■ Work to complete
Below are the records; give again exactly the lines from the one containing "1952 Ford F1" through the one containing "Podadores certificados en Salta mt_nothumb", leaving out pictures.

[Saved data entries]

↓

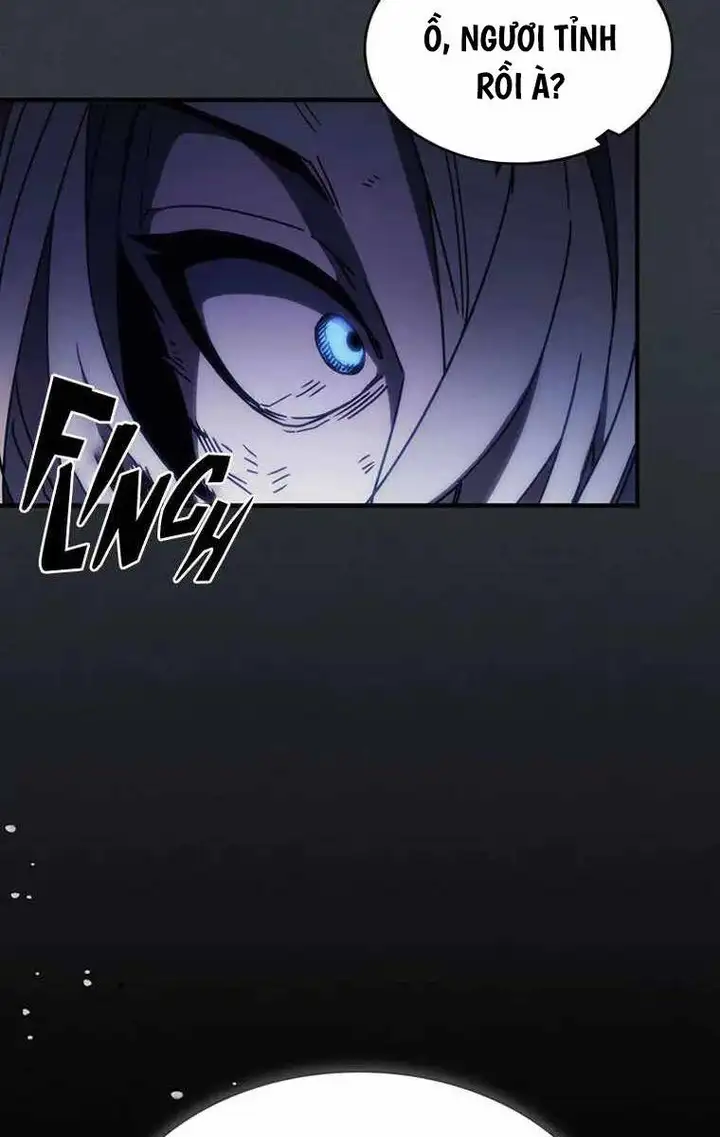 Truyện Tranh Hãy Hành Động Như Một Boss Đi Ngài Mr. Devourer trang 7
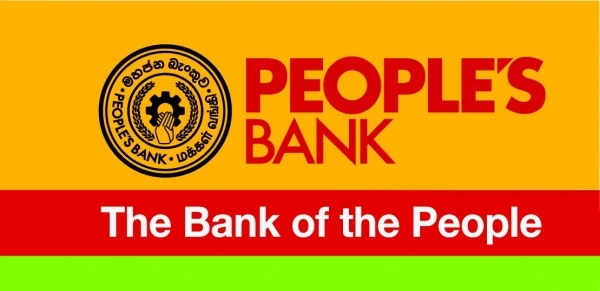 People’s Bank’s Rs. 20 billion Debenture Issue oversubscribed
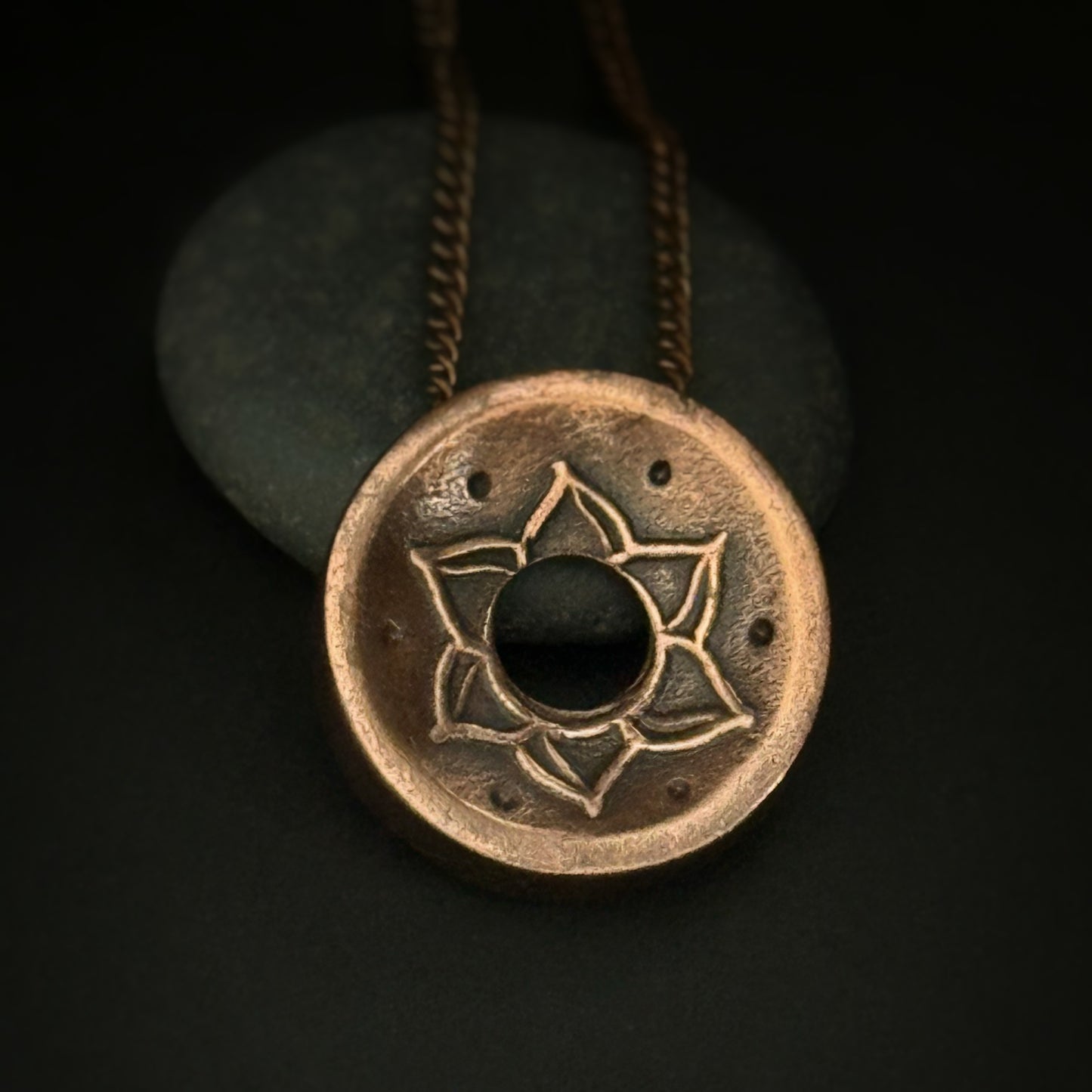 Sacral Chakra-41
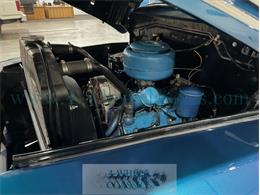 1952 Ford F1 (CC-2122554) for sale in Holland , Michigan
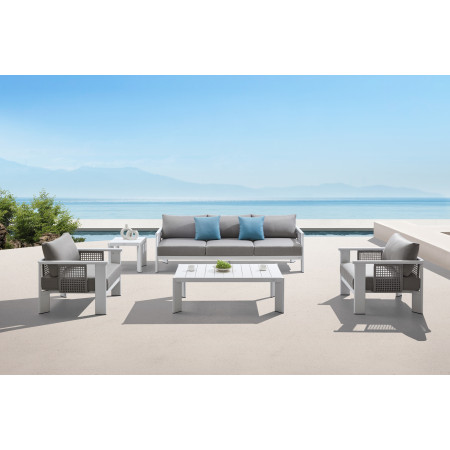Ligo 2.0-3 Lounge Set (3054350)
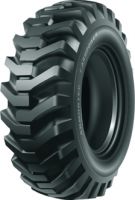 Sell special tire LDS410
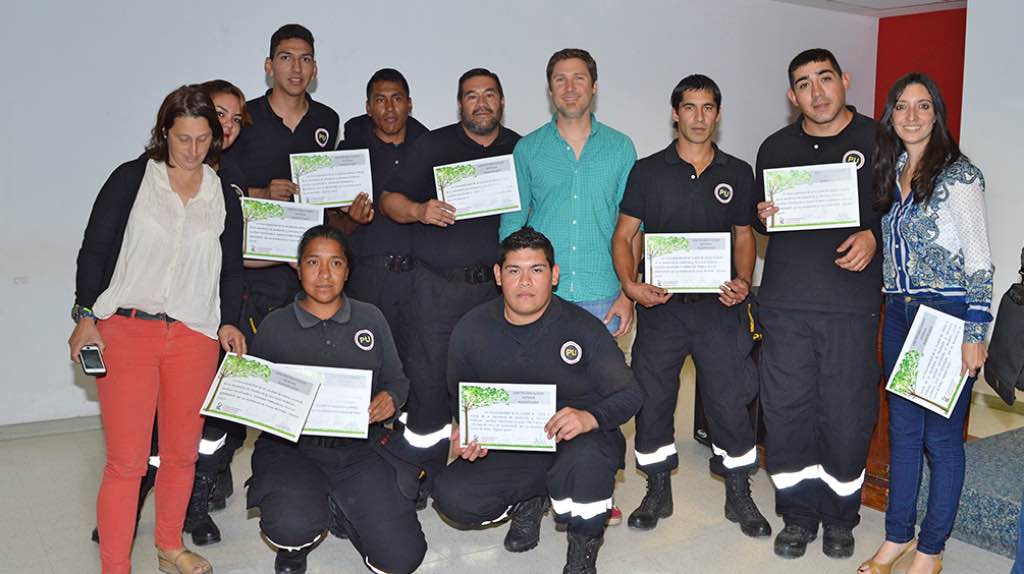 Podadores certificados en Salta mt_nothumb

↑
↓

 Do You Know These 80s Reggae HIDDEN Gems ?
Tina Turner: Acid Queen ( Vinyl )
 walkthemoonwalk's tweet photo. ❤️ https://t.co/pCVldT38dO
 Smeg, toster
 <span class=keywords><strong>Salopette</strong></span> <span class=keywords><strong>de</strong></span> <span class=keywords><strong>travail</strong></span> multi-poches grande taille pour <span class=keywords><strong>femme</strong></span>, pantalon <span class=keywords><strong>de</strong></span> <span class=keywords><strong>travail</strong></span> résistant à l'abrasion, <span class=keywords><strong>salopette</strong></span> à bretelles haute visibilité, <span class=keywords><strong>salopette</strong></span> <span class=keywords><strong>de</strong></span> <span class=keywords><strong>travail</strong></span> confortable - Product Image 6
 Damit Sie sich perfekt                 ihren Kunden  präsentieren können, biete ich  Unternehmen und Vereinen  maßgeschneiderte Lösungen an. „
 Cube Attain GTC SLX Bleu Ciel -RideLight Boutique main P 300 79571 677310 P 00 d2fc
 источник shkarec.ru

↑

■ Answer to this exercise
 1952 Ford F1 (CC-2122554) for sale in Holland , Michigan
Ligo 2.0-3 Lounge Set (3054350)
 Sell special tire LDS410
 Podadores certificados en Salta mt_nothumb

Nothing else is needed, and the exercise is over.